Much of the remainder of the album vacillates between these moments of inspiration and wandering in search of them. If the heights of the first piece are never quite achieved again, there is still a great deal of fine playing and group interaction in evidence. While Laswell and Williams tend to fall into blues or funk patterns when all else fails, Bailey is consistently imaginative, coaxing undreamt of sounds from his guitar and providing the necessary creative fuel for this generally very successful session. In fact, listeners who have been cowed by Bailey's "difficult" reputation could do worse than starting here.

4 stars out of 5

Brian Olewnick (courtesy of the All Music Guide website)
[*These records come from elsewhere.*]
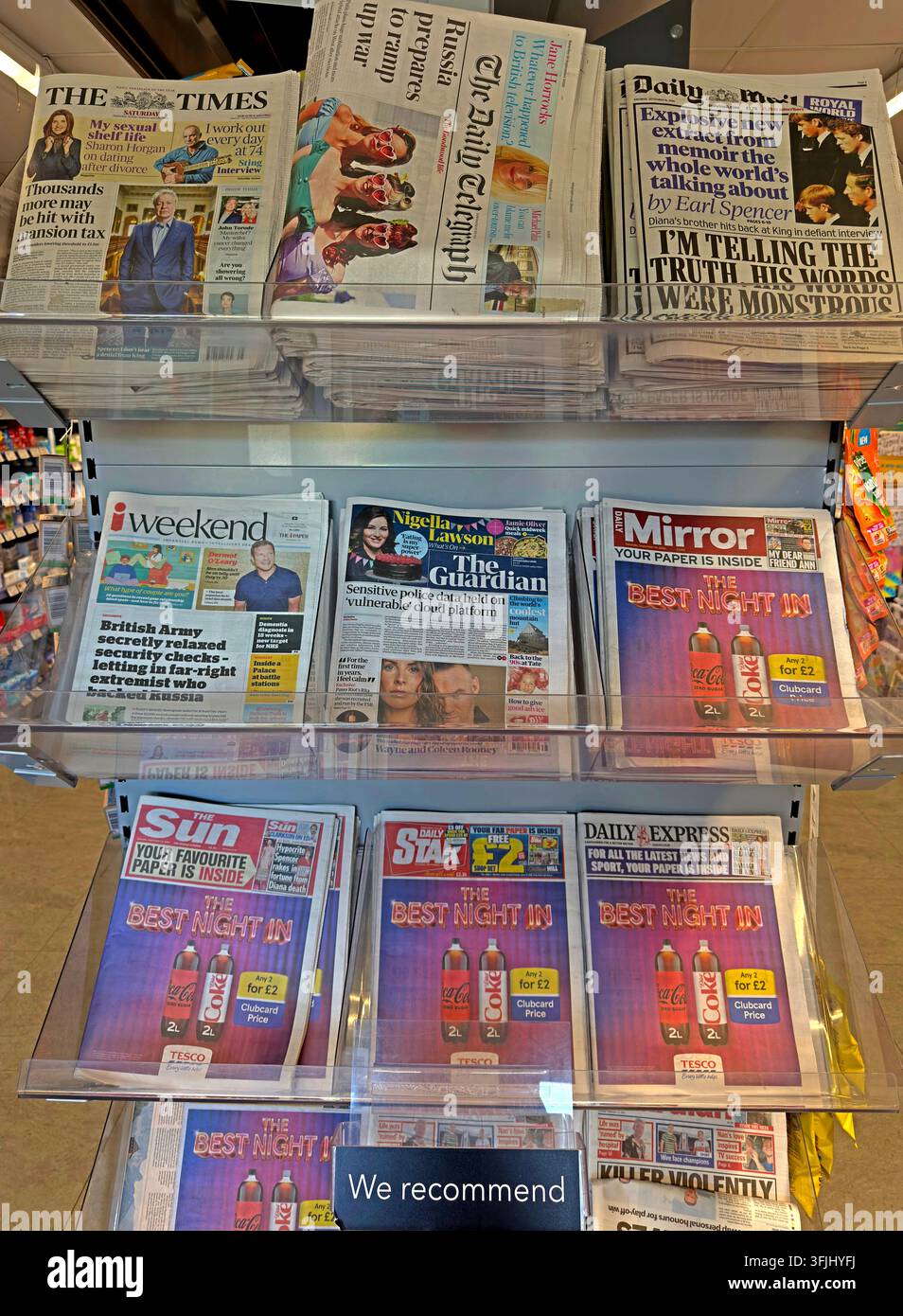Despite smartphone apps, British newspapers displayed for sale in a supermarket, including The Times, i weekend, The Guardian, Mirror and The Sun. Stock Photo
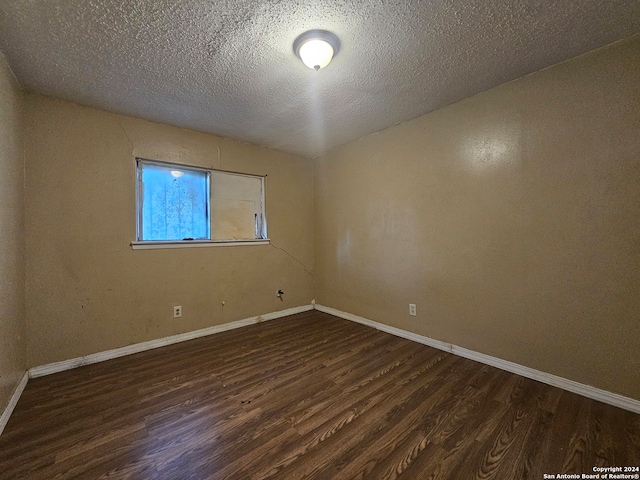 spare room with wood-type flooring and a textured ceiling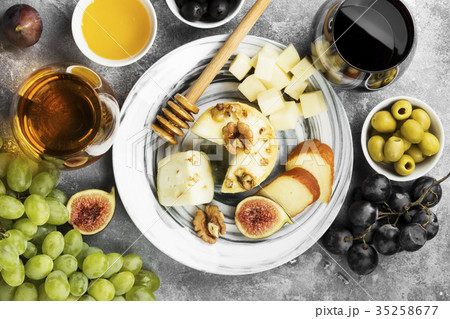 Snacks with wine - various types of cheeses, figs 35258677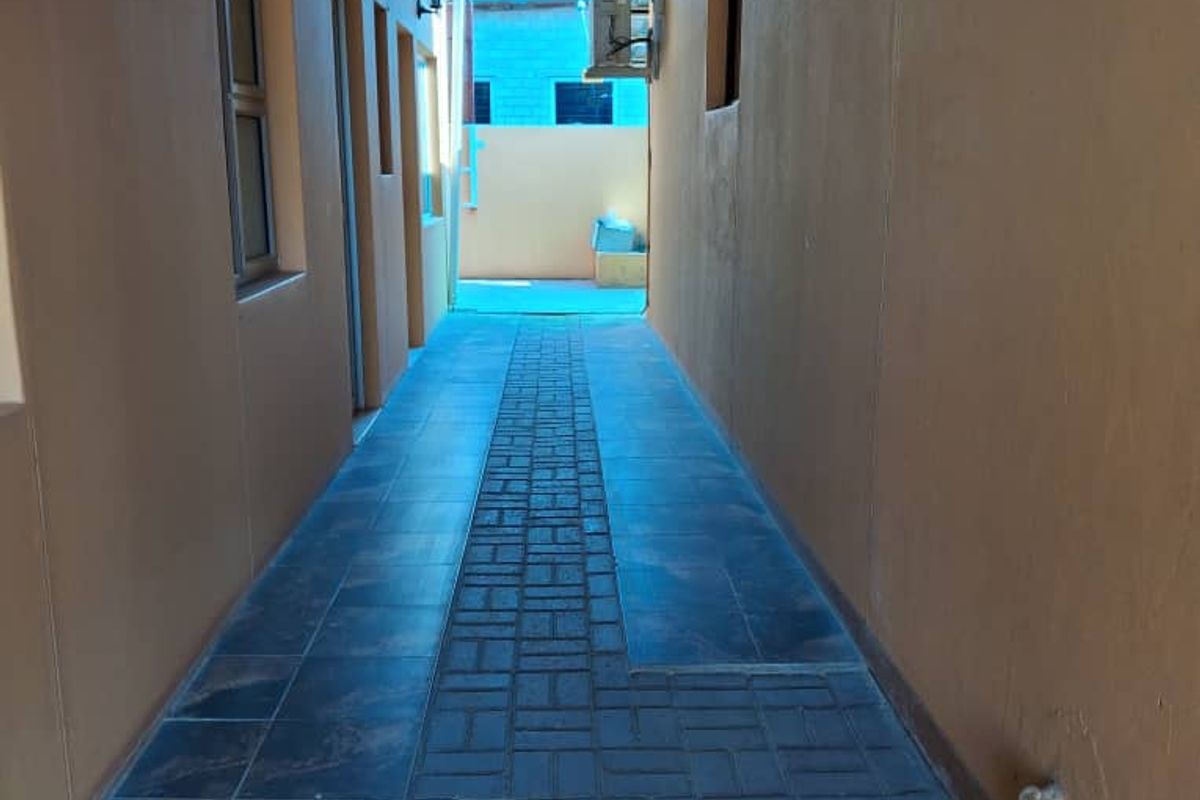 A covered side walkway featuring tiled flooring, a corrugated metal roof structure, and exterior wall-mounted lighting.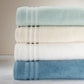 Serviettes de bain FLAMARDA Collection Signature Océan empilées par couleur, design haut de gamme inspiré des vagues portugaises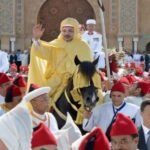 Le Roi Mohammed VI, accompagné du Prince Héritier Moulay El Hassan, du Prince Moulay Rachid et du Prince Moulay Ahmed, préside la cérémonie d’allégeance à la Place du Mechouar du Palais Royal de Tétouan, en commémoration de la Fête du Trône. Des officiels et des représentants des régions sont visibles, vêtus de tenues traditionnelles, dans un cadre solennel et majestueux.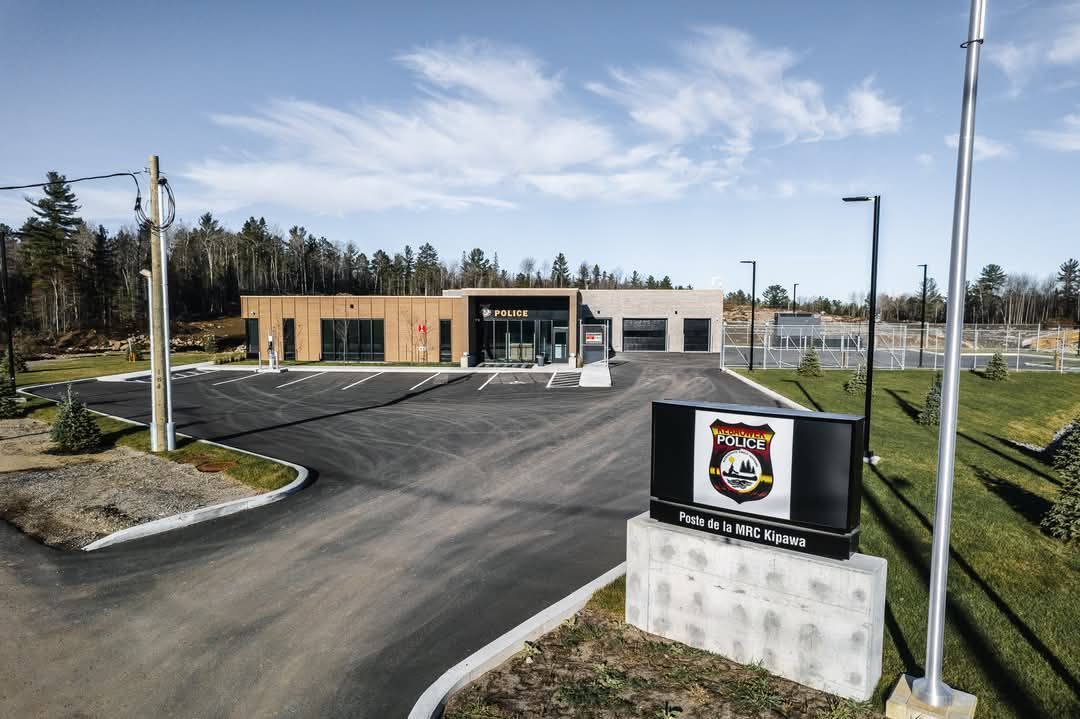 Un commissariat de police moderne avec un panneau devant. Une allée asphaltée mène au bâtiment, entouré d'arbres.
In an effort to get the most out of Derek Bailey's reduced touring schedule, producer John Zorn conceived a series of recordings that would present him in a variety of unexpected settings, all of the traditional guitar/bass/drums format. Thus we have Bailey teamed with, of all people, Tony Williams, and Bill Laswell, a bassist with funk/fusion/new music credentials. The result is raucous, unique music that sounds like it's presented in the order recorded, and one hears, or imagines to hear, the musicians getting a handle on things as they progress. Certainly it's a while before Williams seems to adjust to the fact that Bailey isn't going to react to the nasty funk grooves that he and Laswell set up in any obvious way. Of course once the drummer has reached back to call on instincts we haven't heard him use since his mid-'60s records with Dolphy, Rivers, Shorter, et. al., Derek starts insinuating some kind of weird funk himself. Laswell makes a few choices that might be open to criticism on their own, but it's all grist for the maelstrom here. His presence provides the glue for what I think is an extraordinarily successful set, one of Derek's best, but really a significant group improvisation.